The facility is turntable divisible with two “Pods” as we call them. 124 seat turntables, one is normally a lecture hall style on its back side, the other has a small platform stage. We get a lot of users into these, and it is one of the great flexible aspects of the place. The 500 seat main house can go to 750 seats in 5 minutes. Both were used as classroom space during the day The main stage was then free to host an outside group such as an elementary program or touring artist, without disturbing normal school activity. Having storage for the shell and a freight elevator to a full trap room are a huge help.

One big thing is that we have our own lobby and restrooms. And can secure both from the connected schools. 
We do share the parking lot so when scheduling we have to consider other events at the high school ,such as games ot tournaments .
The connection is a big plus as it gives us access to the cafeteria and kitchen. So it is easy to host multi need events . 

Having the ability to host three different events on the same evening makes for a very flexible schedule.


----------



## JAC (Feb 15, 2019)

With that many groups using the space, no one group will be able to move in for six or eight weeks and rehearse and build scenery, as many schools are accustomed to operating. You'll need support spaces like a rehearsal hall and scene shop. And put a Theatre Consultant on your "must have" list.


----------



## Lynnchesque (Mar 2, 2019)

JAC said:


> With that many groups using the space, no one group will be able to move in for six or eight weeks and rehearse and build scenery, as many schools are accustomed to operating. You'll need support spaces like a rehearsal hall and scene shop. And put a Theatre Consultant on your "must have" list.


 I second the scene shop requirement, or at least some kind of aux space so that school X can paint their hastily made flats somewhere other than your nice pristine black stage. 

The #1 thing I wish for at too many venues is simply a nice, triple-wide, stage-level door to load in to. A loading dock is well and good; but I can dump a semi-truck in the parking lot and still load in easily as long as there is a clear path and smooth ramps- that doesn't rely on a freight elevator (that will definitely break on your one day load--in/tech, and require a city worker to come in on holiday overtime to fix... ugh.) 

Second would just generally be a venue that was designed with flexibility in mind. Additional power. Lots. House management that understands that theatrical lighting is meant to be moved around and changed. Even if you have the funds to build a massive auditorium, at some point you'll want to cut the house down to the size of a tiny blackbox. 
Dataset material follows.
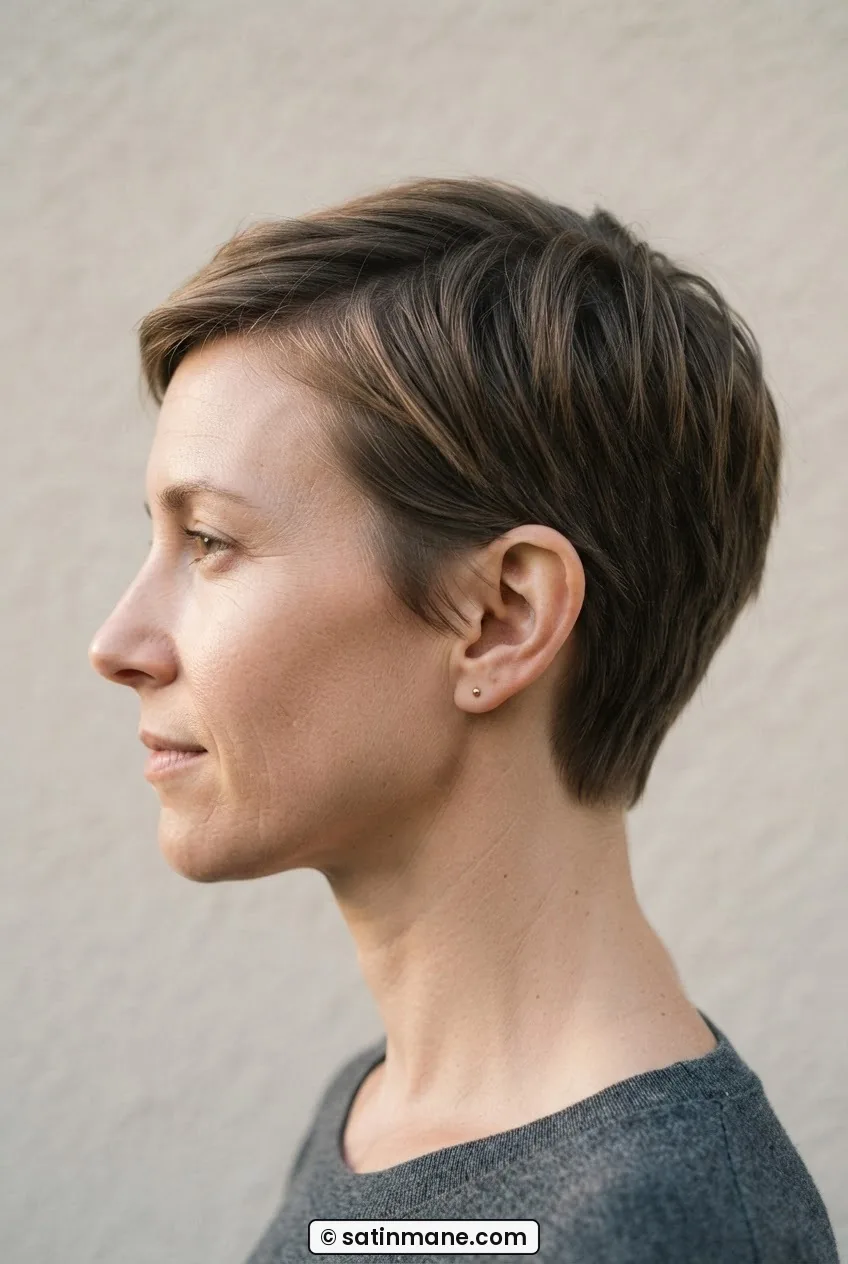 Side profile of woman with soft textured pixie on fine hair showing blunt weight line at perimeter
A flyline system is what separates a _stage_ from a _theater (_in my opinion). And I would point out, not every school can have a stagecraft class, but anyone can rent a backdrop.


----------



## Jay Ashworth (Mar 3, 2019)

You're building a theatre.

Hire Bill. Or Mike. Or Erich. (I know I mispelled that...)


----------



## eadler (Mar 20, 2019)

As a broadcast guy, I always think about power, connectivity, and where to put mics and/or cameras. You're building a multi-use space, it won't be too long before someone wants to use it to produce TV-style content with multiple cameras or for mixing and recording audio. If you can have that figured out at the start of the theatre design it will make everyone's lives easier later. Also, cable trays with pull lines for whatever the next technology is because while today is all Cat6, high frequency tested RG6, and LC fiber, tomorrow might not be.


----------



## DaveySimps (Mar 21, 2019)

I have managed a shared facility for 15 years now. It can be a real nightmare at times. Yes, scheduling is the biggest obstacle. I would say some heavy thought and commitment needs to be had as to exactly how the facility will operate before you move forward with a design. Concerns such as how much time each group will get in the facility for each production, will sets be built on site, how much turn around time between productions will be had. What will an annual budget look like? What happens to ticket revenue? Who employs staff? How much staff will you have? What will students be able to do, and what will adult staff be required to do? 

As previously mentioned, plenty of power, intelligently thought out load in and shop space, more storage than you think you will need! I have found a flexible rep plot for lighting has been the only way I get through some months. There is just not enough time in between nor enough staff to facilitate a complete light hang between productions. Things like I-cues or moving lights FOH for specials, and LED wash fixtures really would help to adjust to event needs on the fly. And, yes I would argue these features would be MUST haves. 

Administration needs to understand the heavy technology and equipment budget that proper operation of a facility like this will require. There is never adequate funding to "buy thing later", despite what they might indicate. A long term funding mechanism for the staffing, operation, and facility / technology refreshes along the way needs to be committed to for the venue / partnership to have any sort of possible success.

Best of luck to you! This can be a very exciting time, and a very stressful process. 

~Dave


----------



## Jay Ashworth (Mar 22, 2019)

We also have a rep plot and renters are told that light hang work is extra; we tear the plot down 2, maybe 3 times a year.


----------